Work required →
Reproduce all the data exactly, without pictures.

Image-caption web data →
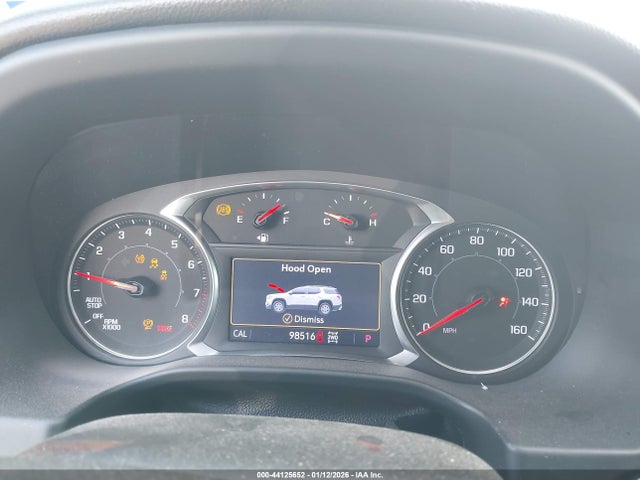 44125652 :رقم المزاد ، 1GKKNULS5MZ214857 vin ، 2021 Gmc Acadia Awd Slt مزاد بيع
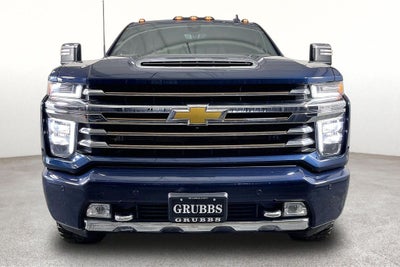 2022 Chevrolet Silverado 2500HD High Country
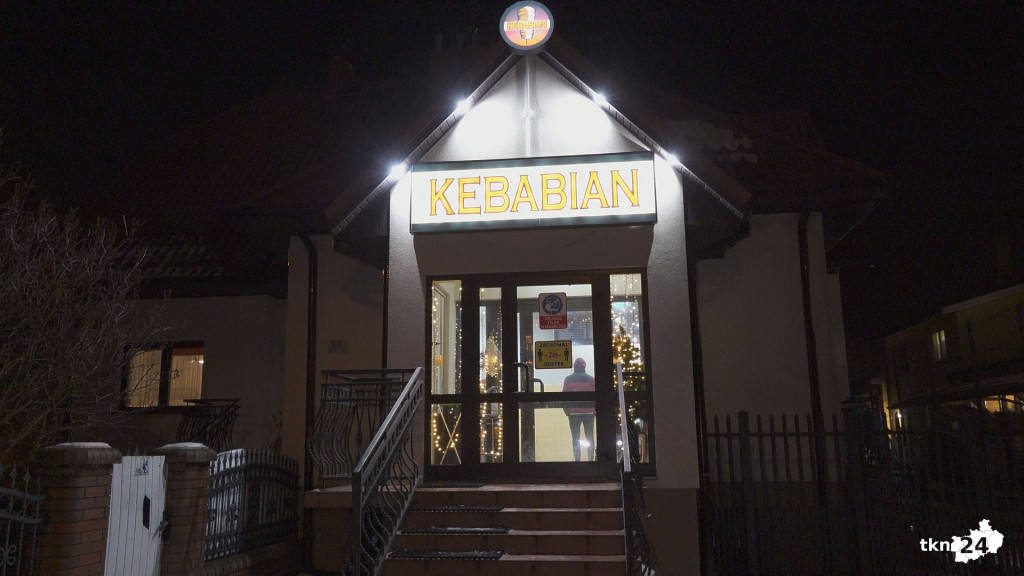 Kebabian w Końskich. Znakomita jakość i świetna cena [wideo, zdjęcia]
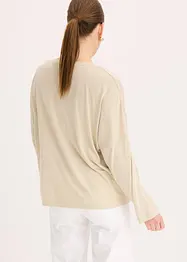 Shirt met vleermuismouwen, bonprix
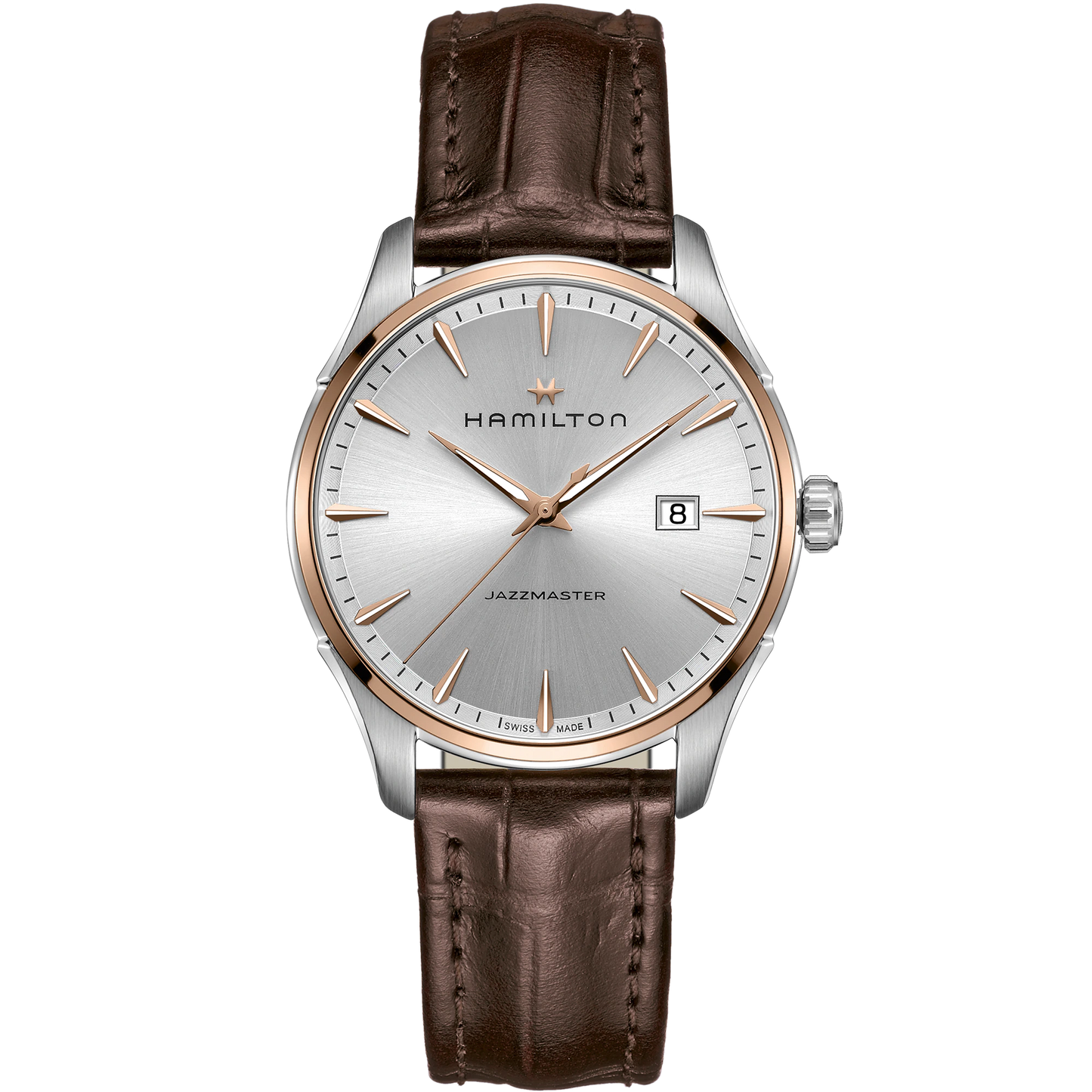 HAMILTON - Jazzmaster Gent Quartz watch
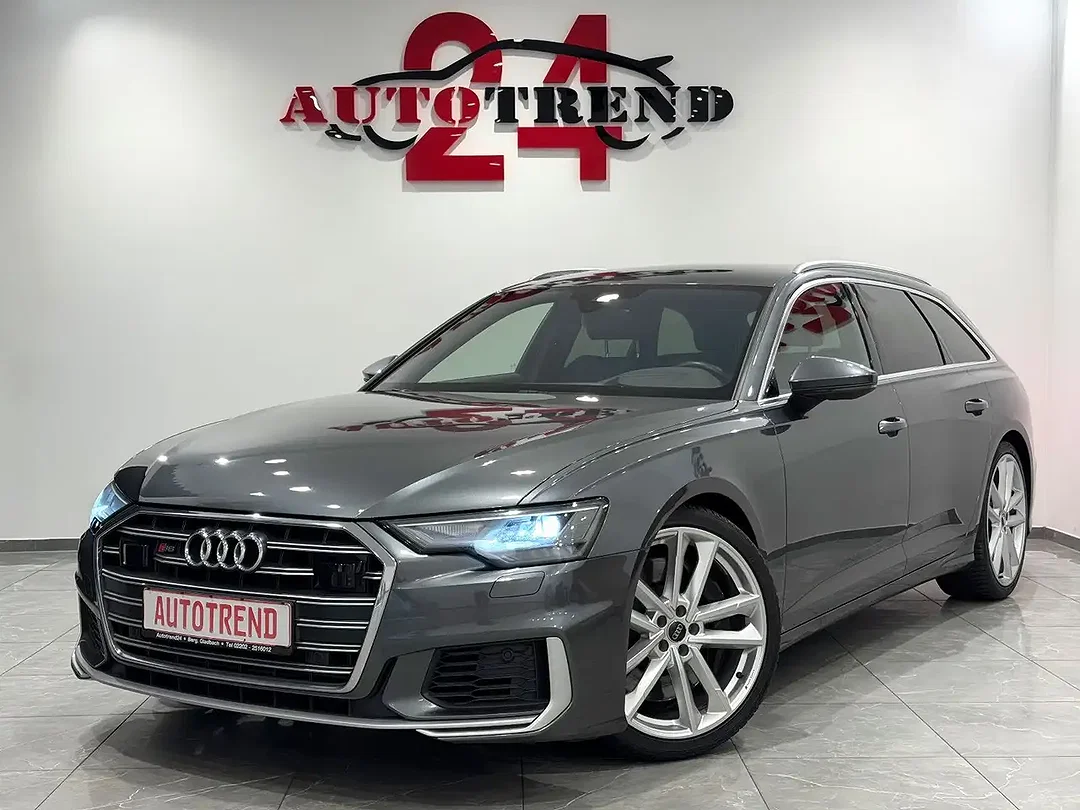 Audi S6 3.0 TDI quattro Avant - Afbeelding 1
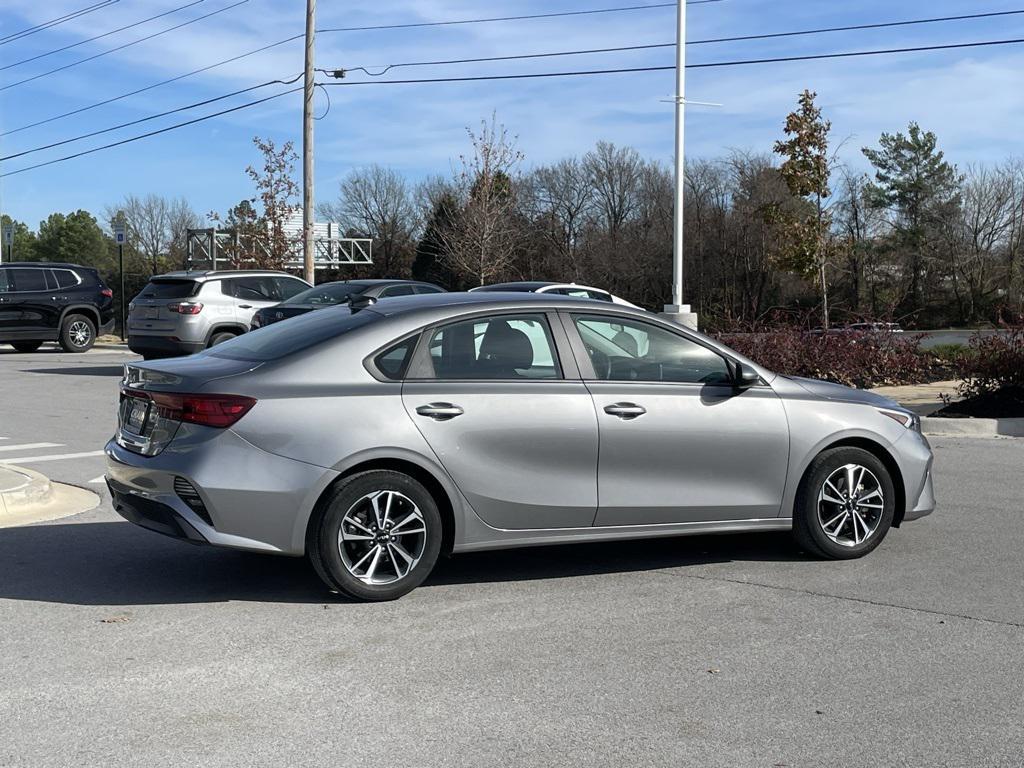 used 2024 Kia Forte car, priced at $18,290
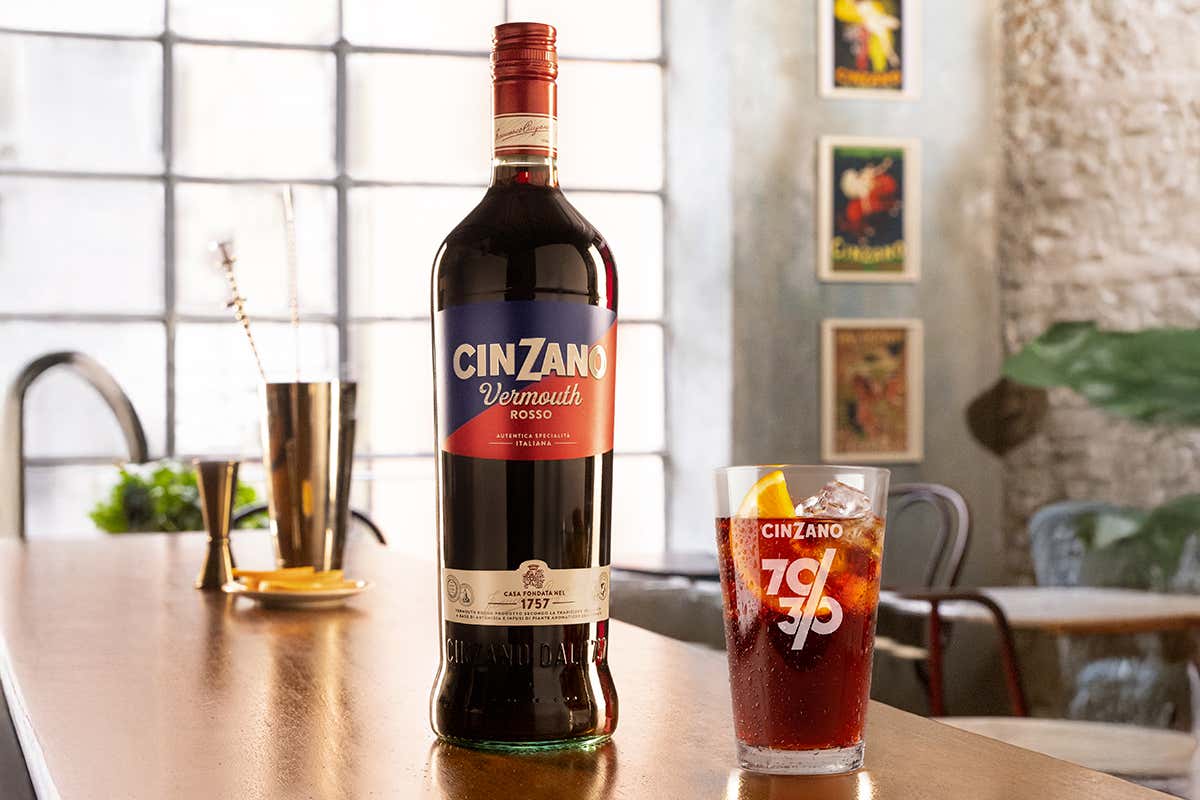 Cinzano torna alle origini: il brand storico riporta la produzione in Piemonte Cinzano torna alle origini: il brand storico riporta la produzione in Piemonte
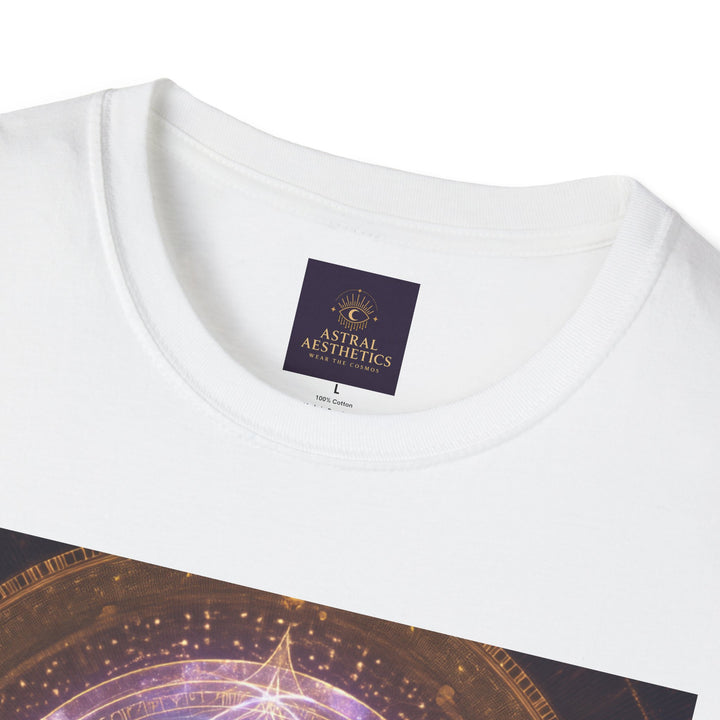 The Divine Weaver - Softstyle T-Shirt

Solution to the exercise →
 44125652 :رقم المزاد ، 1GKKNULS5MZ214857 vin ، 2021 Gmc Acadia Awd Slt مزاد بيع
 2022 Chevrolet Silverado 2500HD High Country
 Kebabian w Końskich. Znakomita jakość i świetna cena [wideo, zdjęcia]
 Shirt met vleermuismouwen, bonprix
 HAMILTON - Jazzmaster Gent Quartz watch
 Audi S6 3.0 TDI quattro Avant - Afbeelding 1
 used 2024 Kia Forte car, priced at $18,290
 Cinzano torna alle origini: il brand storico riporta la produzione in Piemonte Cinzano torna alle origini: il brand storico riporta la produzione in Piemonte
 The Divine Weaver - Softstyle T-Shirt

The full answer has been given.